3rd Ward U.S. General Hospital
October 22nd 1864
Again I will send you a few lines and tell you that I shall probably be at Readville sometime next week. There was an Agent, from Boston, here yesterday and our Head Surgeon said he could not get us off for a week & I will add perhaps not for 2 Weeks so you needn't expect me at any particular time.
It is a cold and very stormy day but we have two large Stoves in full blast & are quite comfortable. I was out a short time this morning but had to come in; somehow the cold takes right hold of me and I long to get well rigged out with Gloves, Boots & C. Readville is a pretty cold place and I suppose you begin to feel the approach of Winter. I long for it to be over with, almost wish to be back in Louisiana untile Spring but the 19th Corps will never go back there.
You may believe I was pleased to hear of the Sheridans last victory He was born in Boston & was a News Boy: Gen Grover was wounded I can see him now: a fine looking Man from Maine to. New England has sent some good Men into the Field:1
I shall be glad when I can be with & talk with you all. It seems to me now I cant with hardly anything but I've got enough in me & will let it out one of these days. I am obliged to Lizzie C. for remembering me I thought she was mad with me: dont tell her that but give her my Love.
I drew some Shoes yesterday: they expect a large lot of clothing soon but that's an old story: Uncle Sam is rather behind time in this Dept. "to much Red Tape" as usual.2
I hope you will all write again soon for I love to hear from you all. Give my Love to Father, John and the Girls accepting the same from your Aff. Son
P.S. Have you heard from Lute lately: where & how is he, strange I cant hear from him:
1 "Sheridan's last victory" refers to General Philip Sheridan's stunning victory at Cedar Creek where, according to General Grant, he arrived in the nick of time to turn "a disaster into a glorious victory." From Harper's Weekly — 5 November 1864:
LETTER FROM THE PRESIDENT TO GENERAL SHERIDAN.

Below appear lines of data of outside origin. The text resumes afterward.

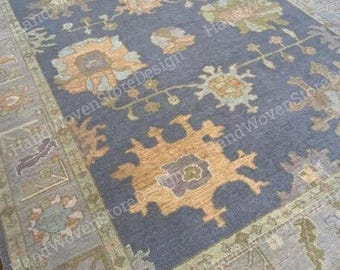 Tapete turco Oushak de lã, tecido à mão, 2,74 x 3,66 m, com estampa floral azul, tapete oriental artesanal, tapete tradicional para sala de estar.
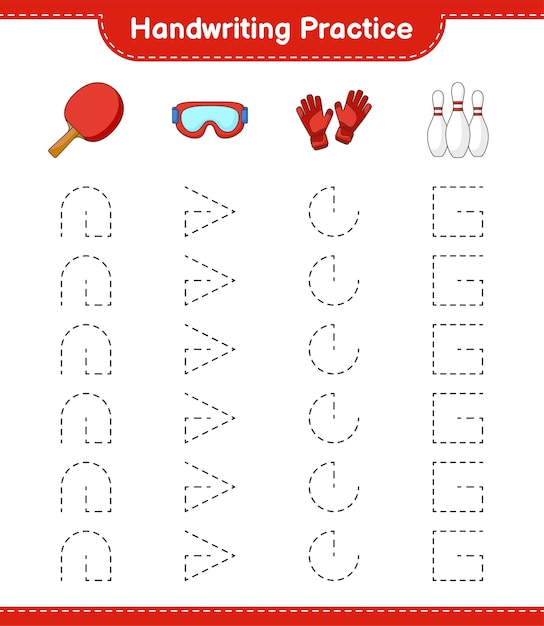 Handwriting practice Tracing lines of Bowling Pin Goggle Ping Pong Racket and Goalkeeper Gloves Educational children game printable worksheet vector illustration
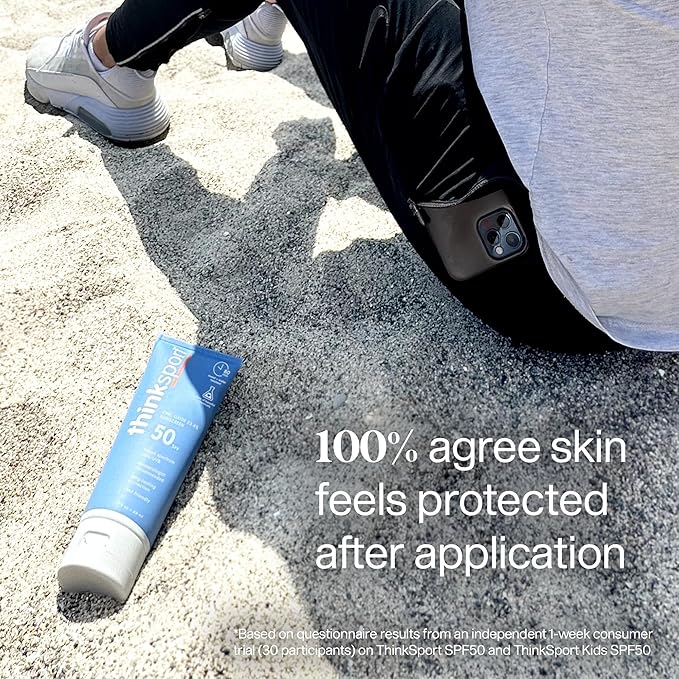 Thinksport SPF 50 Mineral Sunscreen – Safe, Natural Sunscreen for Sports & Active Use - Water Resistant Sun Cream –UVA/UVB Sun Protection – Vegan, Reef Friendly Sun Lotion, 3 Fl Oz (Pack of 1)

The following is a copy of a letter addressed to General Sheridan by the President:
" EXECUTIVE MANSION, WASHINGTON, Oct. 22, 1864. "MAJOR-GENERAL SHERIDAN,—With great pleasure I tender to you and your brave army the thanks of the nation and my own personal admiration and gratitude for the month's operations in the Shenandoah Valley, and especially for the splendid work of October 19. Your obedient servant, ABRAHAM LINCOLN."
Sheridan's birth state is not certain. His parents lived in Massachusetts a few months before removing to Ohio. Other sources place his birth, 6 March 1831, in Somerset, Ohio, and Sheridan himself claimed he was born in Albany, NY. He died of a heart attack at his summer cottage in the Nonquitt section of Dartmouth, MA. Before enrolling at West Point he is reputed to have been a clerk at a dry goods store in Ohio.

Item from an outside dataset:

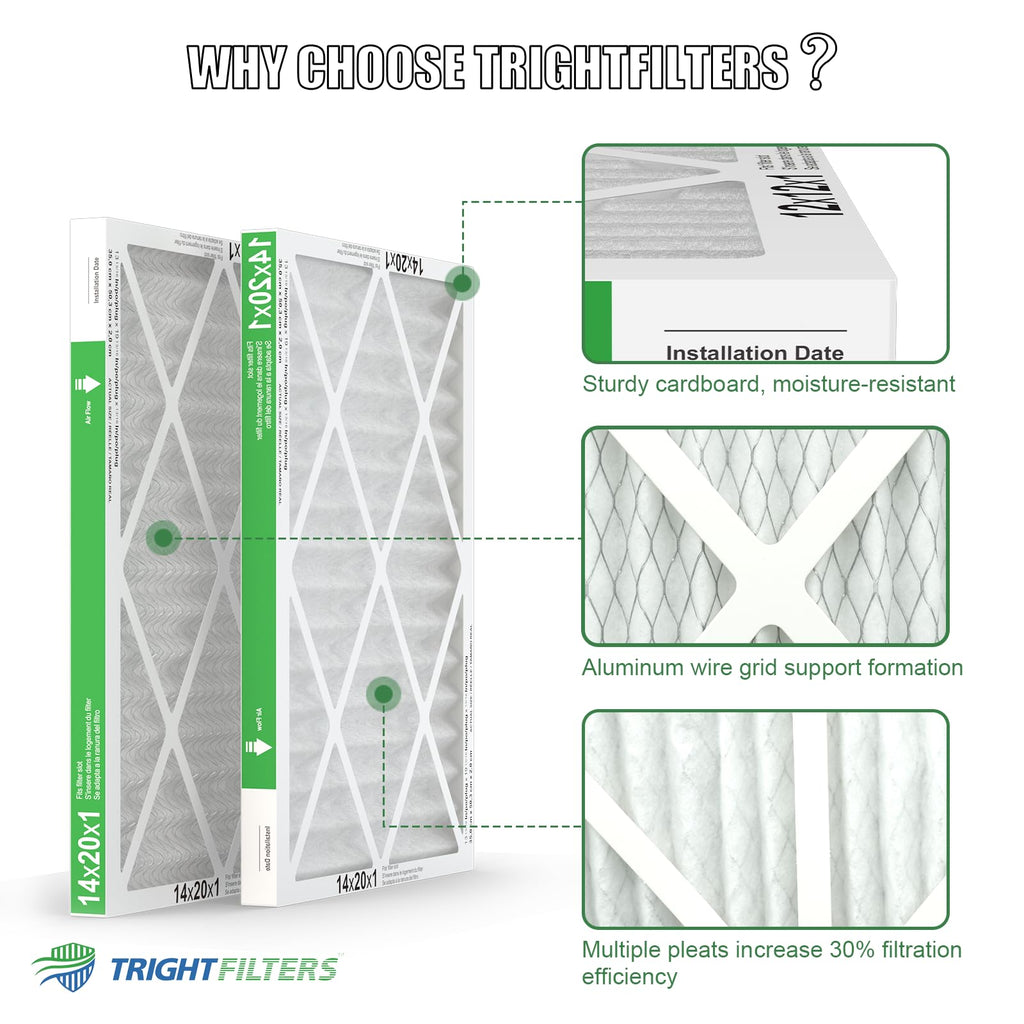 14x20x1 Air Filter 4 Pack, MERV 8 Filter Replacement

Cuvier Grover (at right), born in Bethel, ME, was a Civil War brevet general serving in Sheridan's Army. He lost an arm leading a charge at Cedar Creek, October 19, 1864. A graduate of West Point and career officer, he remained in active military service after the war and died in 1885, while on military leave. He is buried in the U. S. Military Academy Post Cemetery.
2 Some evidence of the "red tape" has survived: a receipt in duplicate for that "(1) One pair Shoes," signed by both Henry and the surgeon in charge of the hospital (SJW Mintzer, mentioned in Henry's Oct 19th letter). The receipt was among the "personal papers" inserted in Henry's Consolidated Military Service Records at the Adjutant General's Office, and now preserved at the National Archives.